Веже нравился цепкий, хозяйский и во всем добрый ум внука. А если б и не нравился, он бы согласился со всем, что б тот ни предложил, со всяким даже самым бездумным поступком.
Все б раздал, лишь бы он стал здоровым и спокойным.
Пан Данила удивлялся самому себе. Тридцать восемь лет жил в одиночестве, ничего не требуя от жизни. Так, снисходительный от величия и понимания людей старый циник.
И вдруг появился комочек плоти, заполнил всего, заставил полюбить сноху, интересоваться делами сына, встречаться с людьми, лезть в шумную, утомительную жизнь, страдать и радоваться.
«Кто он? Что мне в нем, когда мне вот-вот ляг и подохни, а за черной чертой — яма?
Однако вырос, стал красивым и сильным и неудачно полюбил. И так болит за него сердце, как никогда не болело за себя.
Да этого мало. Ну, вырос, ну, конечно ж, совсем иной, чем люди моего поколения. Ну и оставь ты меня в покое, каков я есть. Нет, учит. С землей не так, с людьми не так, с родиной не так.
Мало ему, что я по врожденной лени говорю по-мужицки. Нет, подавай ему осознание того, кто я такой и кто он такой, какова причина общего безразличия, и почему нам в Крыму морду набили, и почему того хохла, что стихи писал, загнали туда, где бабы белье на радугу сушить вешают».
Теперь Вежа дрожал за внука. Кажется, хозяйничает, носится, спорит, а глаза пустые.
— Да в чем же дело, пане?
— Он что вам подсунул? И где ваши глаза были? Они толстые, но ведь это же семенники, переспевшие. Они как вата. Набухнет водой, подгниет. Он кого обмануть надумал? Какие бревна нужны, а?
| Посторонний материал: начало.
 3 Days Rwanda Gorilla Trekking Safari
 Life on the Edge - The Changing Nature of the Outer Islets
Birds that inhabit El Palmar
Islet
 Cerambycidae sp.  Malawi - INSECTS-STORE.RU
Эконом мнется. Мужики, ухмыляясь, наблюдают за головомойкой.
— С зимы…
— Что с зимы?
— Что?
— Перетягивают живое дерево тросом туго, чтоб за лето оно… крепче…
— Почему?
— Смолой набрякнет… А зимой сечь.
— Вот. Смолой набрякнет. Желтое, аж звенит. Не гниет… Вот какие бревна подай. А у Мухи спроси, сколько он на этих семенниках куртажа в карман положил? Не спросишь — сам спрошу.
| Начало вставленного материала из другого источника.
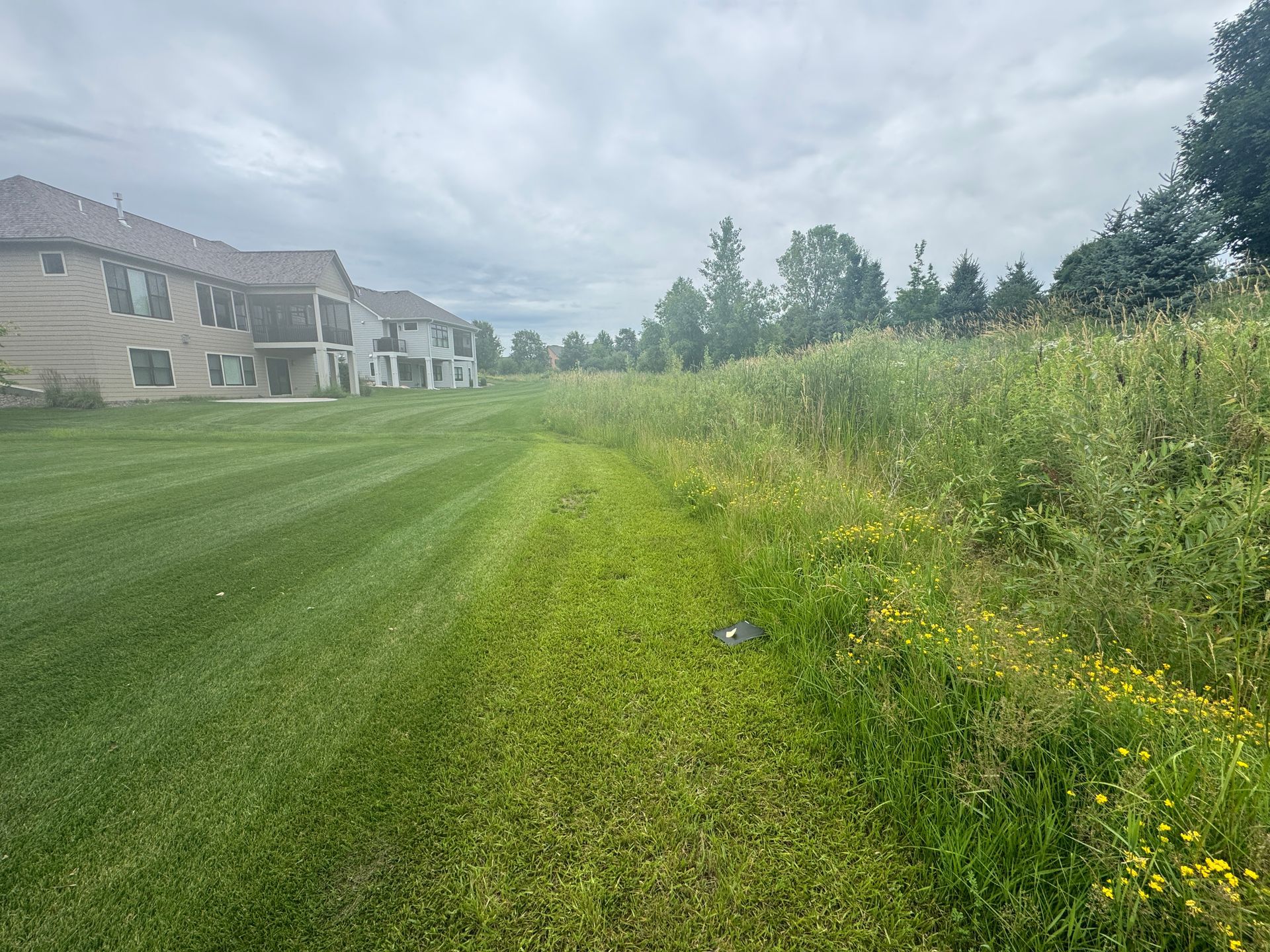 drainage+problem+backyard+lawn+ends+in+naturalized+area+with+no+low+spot+to+drain+water+from+french+drain+North+Oaks+MN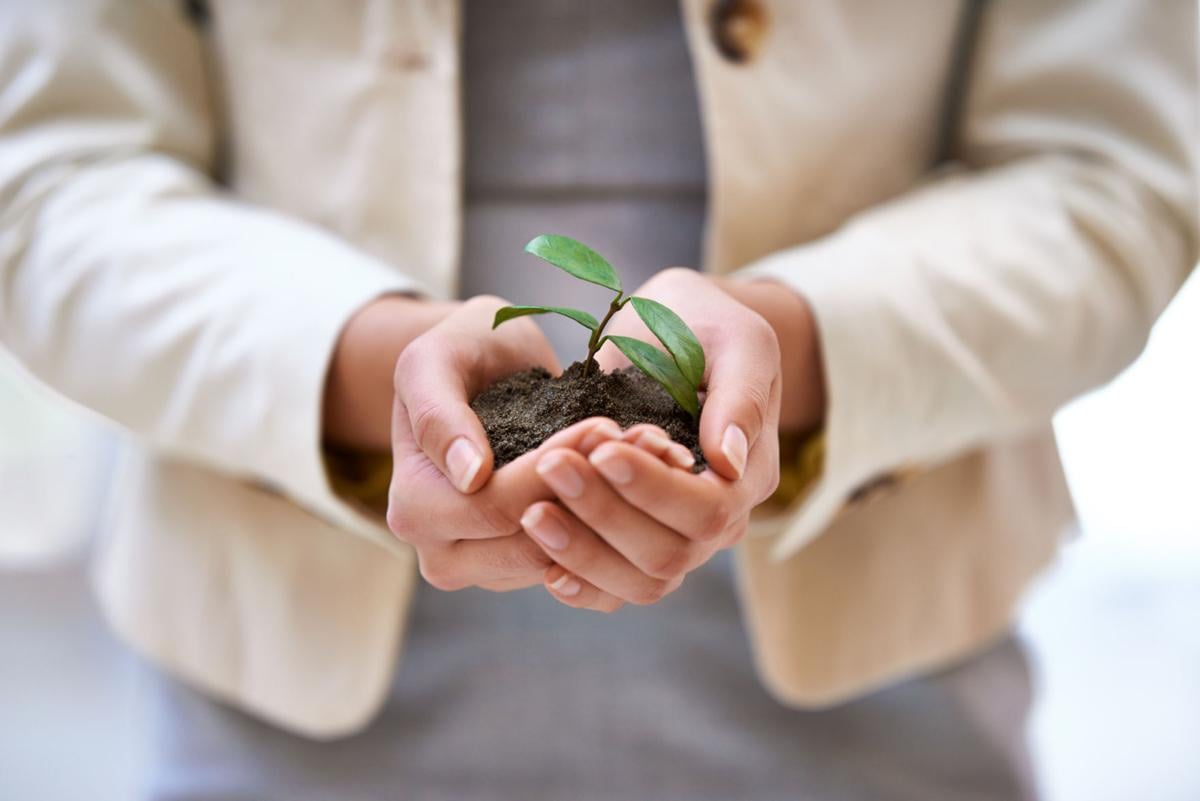 Repotting the plant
Голос словно неживой. Эконому от этого голоса делается страшно. А Веже еще страшнее.
И все же Вежа никому не выдал бы своего страха и своих мыслей. Глебовна попыталась было упрекнуть его в черствости — оборвал.
Не знал об этом и сам Алесь, не знали и сын со снохой, не знали соседи. Вежа охранял свою тайну, молчал о ней, как молчат о позорной болезни.
Если кто-нибудь из доброжелателей спрашивал, как дела у внука, пан Данила отвечал с обычной холодной, иронической улыбкой:
— Думал жениться, да очухался.
Иногда и при внуке.
Лишь однажды они поссорились.
Был май. Деревья оделись уже в молодую, клейкую листву, и столетний каштан у террасы выбросил к небу тысячи белых конусов-свечей. Словно кадил небу и благодарил его за теплые дни. Однако ночи были еще холодноватые, а вода в озерах совсем ледяная. Озера почти не зарастали: сильные ключи били со дна.